Patriots provide Dolphins future blueprint

Jorvorskie Lane and the Dolphins have a lot of ground to cover to catch the Patriots. AP Photo/John Bazemore

MIAMI -- The "2012 AFC East Champion" T-shirts were handed out by the dozens Sunday evening. There was a celebratory feel inside Sun Life Stadium, but it wasn't for the home team.

The visiting New England Patriots clinched the AFC East title with a 23-16 victory over the Miami Dolphins. New England improved to 9-3 and has bigger things in mind -- such as the playoffs and a Super Bowl run.

Miami (5-7), on the other hand, was sullen in the home locker room after having its playoff hopes dashed. It's time for the Dolphins to start thinking about 2013 and beyond.

"Very frustrating," Dolphins center Mike Pouncey said in a quiet locker room. "I think all you guys know that you can’t make any mistakes against this football team. We missed on a lot of opportunities to make plays."

But if the Dolphins showed anything, it’s that they are not that far away from contending. This isn’t the bottom-feeder team most expected from Miami this year. The Dolphins have some pieces in place.

Sunday’s loss against New England -- the longtime kings of the AFC East -- provided the perfect blueprint of what the Dolphins need. For starters, Miami lacked the offensive firepower to keep pace with New England.

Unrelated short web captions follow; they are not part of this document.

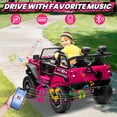 thumbnail image 5 of Joyracer 24V Ride on Toys Truck 4WD/2WD Switchable with Remote Control & 2 XL Seater, 800W Powered Ride on Car with Spring Suspension, 3 Speeds, Bluetooth Music Gift for Big Kids, Pink, 5 of 9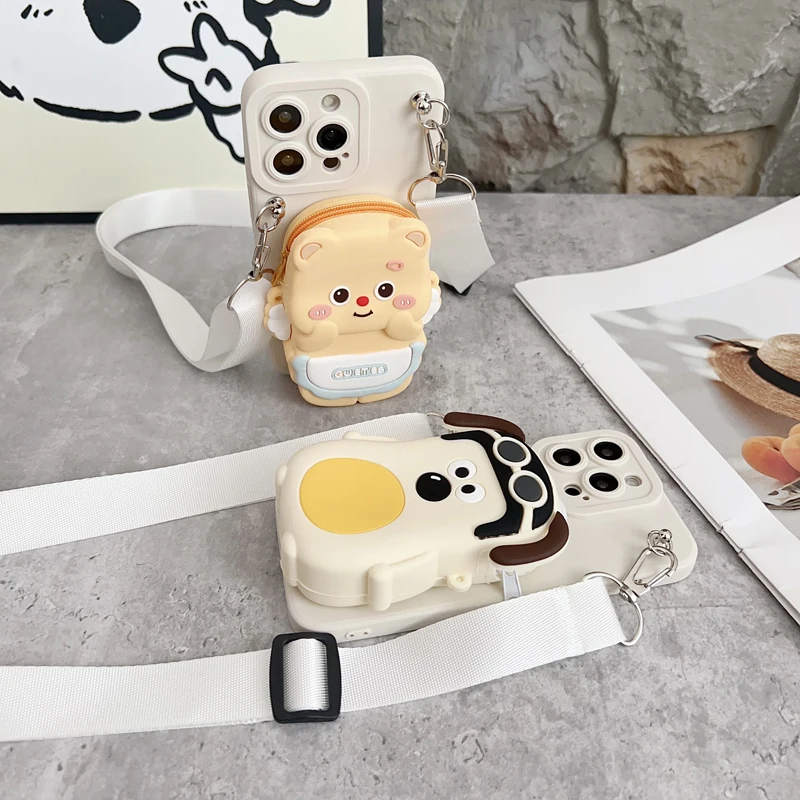 Elegant Dog Butter Bear Wallet Case with Rope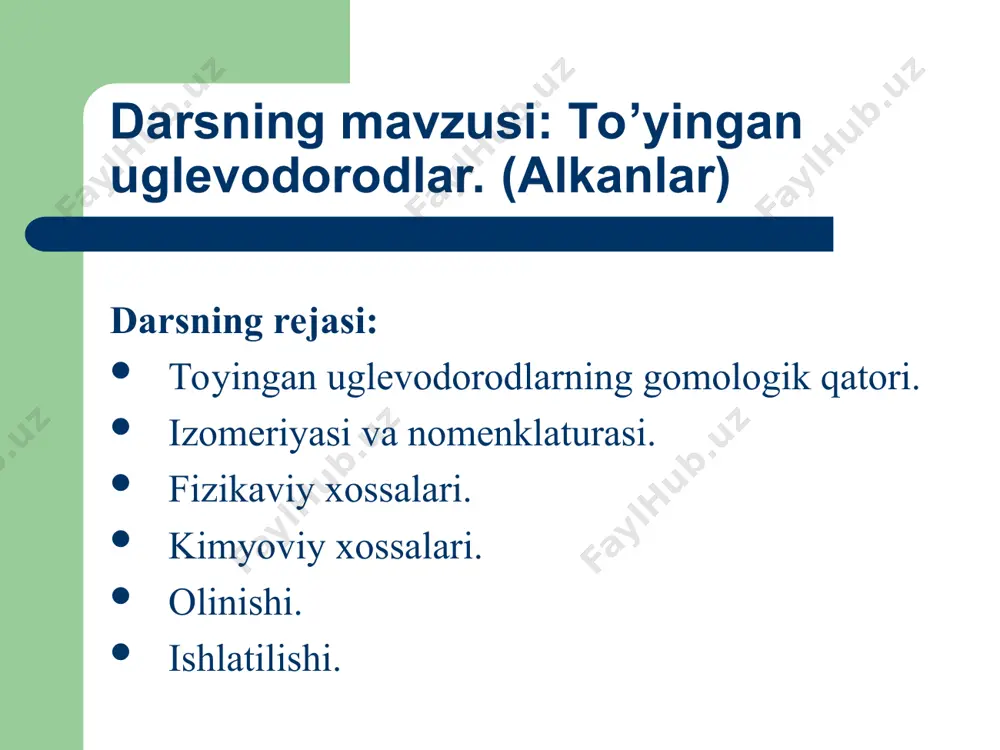 to’yingan uglevodorodlar (alkanlar) - Page 3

Miami’s defense played one of its best games of the season. The Patriots entered this game hot as the league’s No. 1 offense. New England scored 40 points or more four times this season but was held in check by the Dolphins. Miami stuffed New England’s running game and rattled quarterback Tom Brady with four sacks. The Patriots’ 23 points were their lowest since Week 6.

But Miami’s offense mostly settled for field goals and punts. Dolphins rookie quarterback Ryan Tannehill was not at his best, completing just 13 of 29 passes for 186 yards. That certainly wasn’t good enough to beat Brady, even on an off day.

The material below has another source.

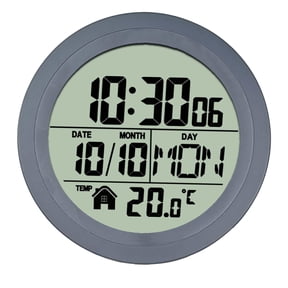 kowaku Kitchen Wall Clock Digital Bathroom Clock Round LCD Screen Waterproof Suction Cup Temperature Calendar Display Suitable for Laundry Room Kitchen Grey PP Frame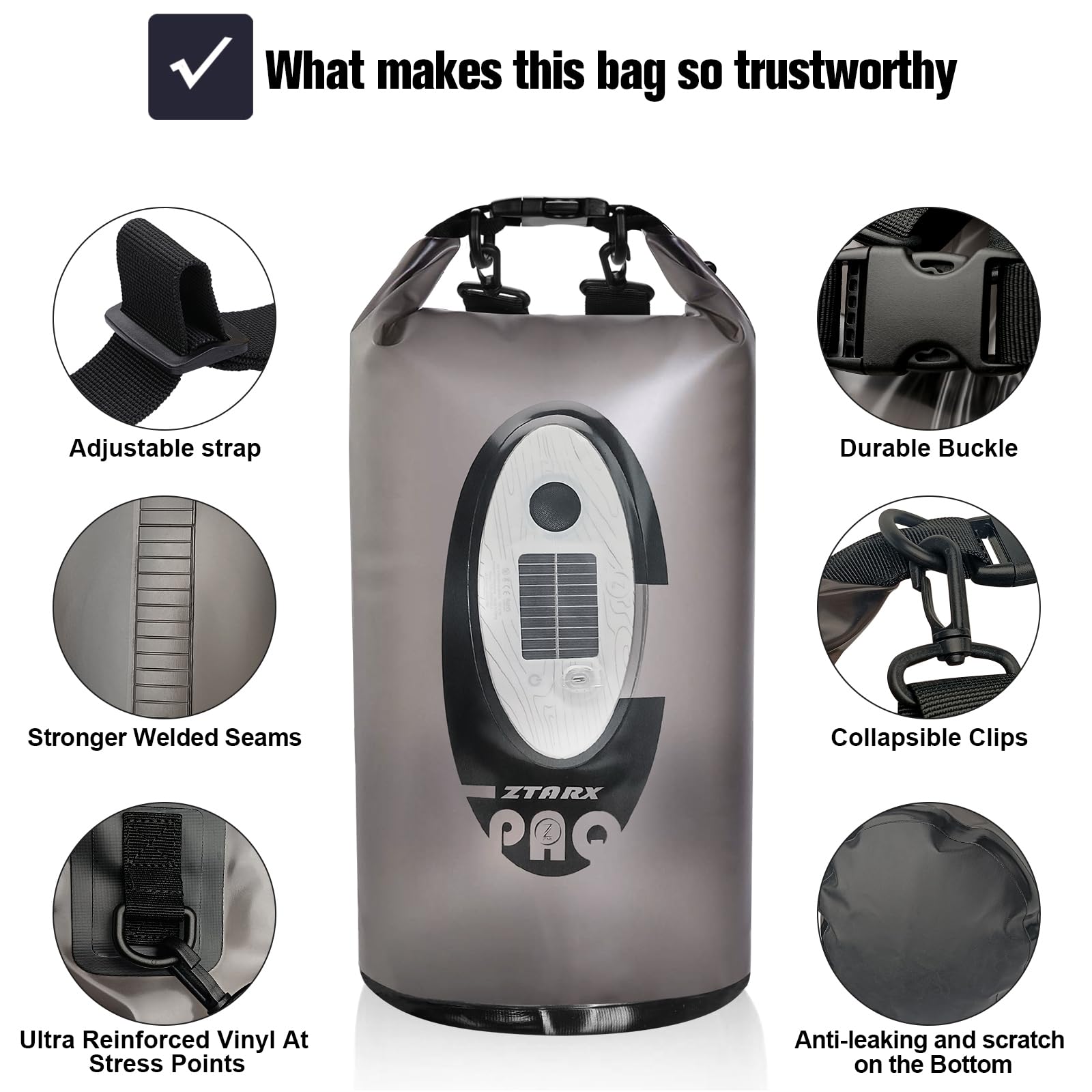 Qoolife bag next to water bottle to show 20L capacity and scale for packing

The Dolphins lacked the dynamic skill players to make big plays. Two perfect examples were Tannehill’s missed connections deep with receiver Brian Hartline that could have resulted in touchdowns.

“You’ve got to hit those,” Tannehill admitted after the game. “You don’t get too many shots like that.”

Miami’s defense was stout. But the Patriots were able to exploit its biggest weakness: cornerback.

The Dolphins traded former starter Vontae Davis this summer, and current starter Richard Marshall is on injured reserve with a back injury. Miami is down to Sean Smith and its fourth or fifth corners, and that’s where Wes Welker dominated.

Welker, a former Dolphin, had a successful return to Miami and caught 12 passes for 103 yards and a touchdown. Welker was the only player Miami couldn’t contain and the biggest reason the Patriots were able to move down the field in this game.

“He’s very crafty,” said Dolphins safety Reshad Jones, who had an interception in the game. “He has one of the best quarterbacks in the game to get him the ball. [Welker] does a great job on options routes, and he does a great job of getting loose."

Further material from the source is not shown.